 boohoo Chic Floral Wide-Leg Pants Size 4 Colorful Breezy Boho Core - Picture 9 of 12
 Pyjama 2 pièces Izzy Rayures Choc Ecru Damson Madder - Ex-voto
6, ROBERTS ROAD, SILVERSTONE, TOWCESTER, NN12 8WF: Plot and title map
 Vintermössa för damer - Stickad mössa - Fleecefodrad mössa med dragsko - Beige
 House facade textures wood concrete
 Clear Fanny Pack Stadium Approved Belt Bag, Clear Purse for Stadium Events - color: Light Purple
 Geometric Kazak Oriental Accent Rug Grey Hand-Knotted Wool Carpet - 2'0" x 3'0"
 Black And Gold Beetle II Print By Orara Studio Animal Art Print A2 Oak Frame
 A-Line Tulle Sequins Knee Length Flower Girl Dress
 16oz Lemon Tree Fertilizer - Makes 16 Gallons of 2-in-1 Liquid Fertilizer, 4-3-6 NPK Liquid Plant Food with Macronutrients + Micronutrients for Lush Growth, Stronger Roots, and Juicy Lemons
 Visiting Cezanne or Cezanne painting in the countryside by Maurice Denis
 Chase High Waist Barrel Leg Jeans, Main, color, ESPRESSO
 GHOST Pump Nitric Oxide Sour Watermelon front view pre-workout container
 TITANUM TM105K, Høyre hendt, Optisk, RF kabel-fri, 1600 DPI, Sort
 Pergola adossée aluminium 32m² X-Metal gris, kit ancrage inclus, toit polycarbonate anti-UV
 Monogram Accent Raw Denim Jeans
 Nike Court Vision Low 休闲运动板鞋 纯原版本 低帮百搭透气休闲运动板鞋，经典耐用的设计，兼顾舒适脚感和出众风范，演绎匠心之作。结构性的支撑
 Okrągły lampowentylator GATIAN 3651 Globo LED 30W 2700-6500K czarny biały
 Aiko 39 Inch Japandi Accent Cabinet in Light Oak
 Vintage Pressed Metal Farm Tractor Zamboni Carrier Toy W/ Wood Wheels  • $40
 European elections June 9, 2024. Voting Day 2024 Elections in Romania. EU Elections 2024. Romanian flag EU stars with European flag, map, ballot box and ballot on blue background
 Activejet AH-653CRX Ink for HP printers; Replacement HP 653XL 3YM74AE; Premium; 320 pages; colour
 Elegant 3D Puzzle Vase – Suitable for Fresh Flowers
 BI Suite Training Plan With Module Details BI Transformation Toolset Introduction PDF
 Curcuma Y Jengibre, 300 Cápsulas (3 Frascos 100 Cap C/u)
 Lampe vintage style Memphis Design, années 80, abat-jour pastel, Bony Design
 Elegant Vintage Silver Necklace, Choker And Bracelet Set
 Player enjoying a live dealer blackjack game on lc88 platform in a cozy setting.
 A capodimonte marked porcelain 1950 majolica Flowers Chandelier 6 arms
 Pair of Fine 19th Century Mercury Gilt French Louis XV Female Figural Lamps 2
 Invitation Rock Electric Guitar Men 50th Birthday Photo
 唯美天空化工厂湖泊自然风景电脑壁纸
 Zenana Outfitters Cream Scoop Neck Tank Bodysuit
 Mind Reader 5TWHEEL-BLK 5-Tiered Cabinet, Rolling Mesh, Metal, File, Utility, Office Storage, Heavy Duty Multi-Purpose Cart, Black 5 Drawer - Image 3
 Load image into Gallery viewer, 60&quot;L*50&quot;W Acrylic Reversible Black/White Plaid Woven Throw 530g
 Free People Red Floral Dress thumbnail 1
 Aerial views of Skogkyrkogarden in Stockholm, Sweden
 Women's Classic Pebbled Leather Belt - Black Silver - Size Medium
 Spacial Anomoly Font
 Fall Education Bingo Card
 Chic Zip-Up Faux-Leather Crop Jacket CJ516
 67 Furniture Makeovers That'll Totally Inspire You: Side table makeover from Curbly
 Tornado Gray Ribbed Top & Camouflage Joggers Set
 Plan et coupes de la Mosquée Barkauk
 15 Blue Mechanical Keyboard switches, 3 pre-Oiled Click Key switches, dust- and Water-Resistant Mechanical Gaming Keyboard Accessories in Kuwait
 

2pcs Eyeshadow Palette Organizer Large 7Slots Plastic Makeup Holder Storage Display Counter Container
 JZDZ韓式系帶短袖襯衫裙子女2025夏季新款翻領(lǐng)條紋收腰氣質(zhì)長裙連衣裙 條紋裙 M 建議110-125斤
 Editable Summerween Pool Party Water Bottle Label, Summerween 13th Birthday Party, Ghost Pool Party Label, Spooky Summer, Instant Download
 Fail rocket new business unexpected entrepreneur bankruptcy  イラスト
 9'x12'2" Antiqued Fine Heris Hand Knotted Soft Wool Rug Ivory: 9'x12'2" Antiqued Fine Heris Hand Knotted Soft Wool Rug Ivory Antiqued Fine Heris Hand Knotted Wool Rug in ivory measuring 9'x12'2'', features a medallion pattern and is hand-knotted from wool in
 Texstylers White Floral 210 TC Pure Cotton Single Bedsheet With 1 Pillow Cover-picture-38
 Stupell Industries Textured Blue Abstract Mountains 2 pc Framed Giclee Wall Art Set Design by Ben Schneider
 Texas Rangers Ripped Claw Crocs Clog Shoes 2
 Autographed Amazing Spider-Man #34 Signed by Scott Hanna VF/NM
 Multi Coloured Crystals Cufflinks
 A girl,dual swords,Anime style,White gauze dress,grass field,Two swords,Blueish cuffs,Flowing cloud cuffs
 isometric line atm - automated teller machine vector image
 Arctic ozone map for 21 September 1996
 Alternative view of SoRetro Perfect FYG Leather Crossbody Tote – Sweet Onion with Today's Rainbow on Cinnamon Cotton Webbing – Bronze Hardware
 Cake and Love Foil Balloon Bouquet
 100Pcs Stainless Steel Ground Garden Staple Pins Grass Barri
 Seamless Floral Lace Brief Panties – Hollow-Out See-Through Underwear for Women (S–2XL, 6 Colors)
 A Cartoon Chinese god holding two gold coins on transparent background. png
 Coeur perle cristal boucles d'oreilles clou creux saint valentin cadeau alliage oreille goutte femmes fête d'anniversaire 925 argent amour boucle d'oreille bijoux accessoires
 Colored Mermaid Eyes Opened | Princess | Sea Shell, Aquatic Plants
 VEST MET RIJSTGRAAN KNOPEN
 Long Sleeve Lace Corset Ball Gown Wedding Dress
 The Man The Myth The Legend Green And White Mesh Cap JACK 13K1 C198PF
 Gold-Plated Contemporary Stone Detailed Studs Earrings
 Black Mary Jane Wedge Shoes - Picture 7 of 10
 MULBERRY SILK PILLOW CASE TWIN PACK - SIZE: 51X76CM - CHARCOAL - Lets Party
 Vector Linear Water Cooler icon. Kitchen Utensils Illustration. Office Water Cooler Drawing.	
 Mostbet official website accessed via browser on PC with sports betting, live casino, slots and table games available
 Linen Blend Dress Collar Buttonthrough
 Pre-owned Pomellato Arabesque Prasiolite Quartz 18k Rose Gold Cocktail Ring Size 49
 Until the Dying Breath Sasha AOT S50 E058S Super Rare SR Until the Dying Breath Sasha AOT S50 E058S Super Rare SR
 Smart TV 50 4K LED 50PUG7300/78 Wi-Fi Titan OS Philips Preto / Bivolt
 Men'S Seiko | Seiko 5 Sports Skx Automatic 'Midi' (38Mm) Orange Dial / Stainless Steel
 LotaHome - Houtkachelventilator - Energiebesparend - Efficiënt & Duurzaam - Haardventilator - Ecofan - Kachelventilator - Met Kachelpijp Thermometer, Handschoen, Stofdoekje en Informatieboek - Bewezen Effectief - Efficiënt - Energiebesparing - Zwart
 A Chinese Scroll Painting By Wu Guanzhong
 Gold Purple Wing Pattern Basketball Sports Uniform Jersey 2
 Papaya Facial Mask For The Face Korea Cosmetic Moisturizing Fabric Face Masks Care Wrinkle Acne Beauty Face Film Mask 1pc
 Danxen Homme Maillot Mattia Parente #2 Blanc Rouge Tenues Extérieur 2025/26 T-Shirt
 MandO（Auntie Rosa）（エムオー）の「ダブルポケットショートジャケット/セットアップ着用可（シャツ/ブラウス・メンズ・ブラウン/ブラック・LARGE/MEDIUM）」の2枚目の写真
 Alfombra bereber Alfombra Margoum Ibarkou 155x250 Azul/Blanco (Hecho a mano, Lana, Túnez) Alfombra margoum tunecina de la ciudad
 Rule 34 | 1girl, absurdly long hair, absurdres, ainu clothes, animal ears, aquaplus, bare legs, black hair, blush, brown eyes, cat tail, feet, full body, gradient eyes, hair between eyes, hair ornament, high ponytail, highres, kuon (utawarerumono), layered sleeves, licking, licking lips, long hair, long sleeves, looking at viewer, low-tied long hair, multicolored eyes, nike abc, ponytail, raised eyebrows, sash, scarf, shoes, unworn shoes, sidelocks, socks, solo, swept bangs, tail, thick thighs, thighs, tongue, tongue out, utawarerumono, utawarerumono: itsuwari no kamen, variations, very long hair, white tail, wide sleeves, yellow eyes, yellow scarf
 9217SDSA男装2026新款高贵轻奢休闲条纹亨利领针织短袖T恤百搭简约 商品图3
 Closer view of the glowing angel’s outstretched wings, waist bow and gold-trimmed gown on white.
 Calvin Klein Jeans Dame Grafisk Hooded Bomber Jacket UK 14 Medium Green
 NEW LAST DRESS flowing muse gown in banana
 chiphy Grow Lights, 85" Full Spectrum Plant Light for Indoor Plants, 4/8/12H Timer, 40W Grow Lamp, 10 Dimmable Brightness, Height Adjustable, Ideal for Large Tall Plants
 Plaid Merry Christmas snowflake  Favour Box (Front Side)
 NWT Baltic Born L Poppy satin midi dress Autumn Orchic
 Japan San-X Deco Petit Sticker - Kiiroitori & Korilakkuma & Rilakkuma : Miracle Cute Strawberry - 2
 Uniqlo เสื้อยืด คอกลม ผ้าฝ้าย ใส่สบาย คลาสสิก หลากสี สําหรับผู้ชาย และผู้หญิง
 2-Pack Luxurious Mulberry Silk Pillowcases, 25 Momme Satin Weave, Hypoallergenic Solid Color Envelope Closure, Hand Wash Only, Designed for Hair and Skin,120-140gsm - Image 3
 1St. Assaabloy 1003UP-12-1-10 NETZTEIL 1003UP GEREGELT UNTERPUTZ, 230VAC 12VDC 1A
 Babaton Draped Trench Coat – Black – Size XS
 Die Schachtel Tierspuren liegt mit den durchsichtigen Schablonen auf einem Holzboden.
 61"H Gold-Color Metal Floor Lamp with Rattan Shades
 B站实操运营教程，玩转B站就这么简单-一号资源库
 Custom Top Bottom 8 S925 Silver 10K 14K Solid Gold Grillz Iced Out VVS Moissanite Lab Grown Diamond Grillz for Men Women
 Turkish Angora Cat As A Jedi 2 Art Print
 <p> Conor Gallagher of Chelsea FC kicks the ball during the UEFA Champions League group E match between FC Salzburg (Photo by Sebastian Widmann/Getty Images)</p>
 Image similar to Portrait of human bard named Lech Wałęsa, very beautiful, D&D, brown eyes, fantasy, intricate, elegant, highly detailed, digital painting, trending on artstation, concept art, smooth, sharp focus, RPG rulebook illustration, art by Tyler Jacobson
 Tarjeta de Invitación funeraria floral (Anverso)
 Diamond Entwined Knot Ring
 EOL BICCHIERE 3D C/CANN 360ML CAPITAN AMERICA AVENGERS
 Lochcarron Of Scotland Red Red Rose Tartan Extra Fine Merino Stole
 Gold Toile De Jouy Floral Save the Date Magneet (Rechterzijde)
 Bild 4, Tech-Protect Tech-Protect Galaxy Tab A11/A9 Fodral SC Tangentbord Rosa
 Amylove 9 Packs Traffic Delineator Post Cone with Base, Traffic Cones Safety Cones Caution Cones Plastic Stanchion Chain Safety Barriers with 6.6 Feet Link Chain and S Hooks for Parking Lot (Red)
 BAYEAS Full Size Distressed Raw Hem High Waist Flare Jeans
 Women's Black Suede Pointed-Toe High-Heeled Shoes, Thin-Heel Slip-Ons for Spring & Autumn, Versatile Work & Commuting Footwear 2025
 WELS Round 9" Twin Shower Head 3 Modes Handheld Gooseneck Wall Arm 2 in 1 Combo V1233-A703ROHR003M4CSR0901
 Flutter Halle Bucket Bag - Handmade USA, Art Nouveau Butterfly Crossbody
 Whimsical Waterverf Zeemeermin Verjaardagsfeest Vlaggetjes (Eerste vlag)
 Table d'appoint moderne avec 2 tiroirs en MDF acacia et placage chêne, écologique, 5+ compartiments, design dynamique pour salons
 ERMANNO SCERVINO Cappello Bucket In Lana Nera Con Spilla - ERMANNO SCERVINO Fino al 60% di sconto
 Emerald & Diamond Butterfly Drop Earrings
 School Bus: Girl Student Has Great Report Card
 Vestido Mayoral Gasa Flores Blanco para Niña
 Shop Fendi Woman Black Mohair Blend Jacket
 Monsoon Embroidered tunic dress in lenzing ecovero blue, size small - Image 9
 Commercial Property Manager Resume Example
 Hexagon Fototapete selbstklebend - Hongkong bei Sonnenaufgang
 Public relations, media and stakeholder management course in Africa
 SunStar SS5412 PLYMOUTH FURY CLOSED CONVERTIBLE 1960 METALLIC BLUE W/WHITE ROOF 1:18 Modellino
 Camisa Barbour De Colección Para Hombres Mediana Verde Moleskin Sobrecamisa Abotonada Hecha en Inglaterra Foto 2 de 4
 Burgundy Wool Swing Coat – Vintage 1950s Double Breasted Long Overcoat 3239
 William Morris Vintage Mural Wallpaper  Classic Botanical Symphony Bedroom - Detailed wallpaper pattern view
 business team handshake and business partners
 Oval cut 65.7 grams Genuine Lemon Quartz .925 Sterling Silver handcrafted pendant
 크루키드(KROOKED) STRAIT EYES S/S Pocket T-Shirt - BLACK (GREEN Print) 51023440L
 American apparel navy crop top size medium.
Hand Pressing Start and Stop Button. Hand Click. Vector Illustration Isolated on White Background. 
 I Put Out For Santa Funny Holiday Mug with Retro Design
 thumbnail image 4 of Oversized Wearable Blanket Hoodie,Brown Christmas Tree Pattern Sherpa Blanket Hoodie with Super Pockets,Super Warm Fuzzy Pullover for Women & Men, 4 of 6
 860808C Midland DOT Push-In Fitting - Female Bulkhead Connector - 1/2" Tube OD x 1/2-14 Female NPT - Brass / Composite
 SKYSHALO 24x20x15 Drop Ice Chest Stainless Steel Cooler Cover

====

▶ [About this task]: Find and copy each line in the material above where the string "Christmas" occurs.

▶ [Exercise output]:
 Plaid Merry Christmas snowflake  Favour Box (Front Side)
 thumbnail image 4 of Oversized Wearable Blanket Hoodie,Brown Christmas Tree Pattern Sherpa Blanket Hoodie with Super Pockets,Super Warm Fuzzy Pullover for Women & Men, 4 of 6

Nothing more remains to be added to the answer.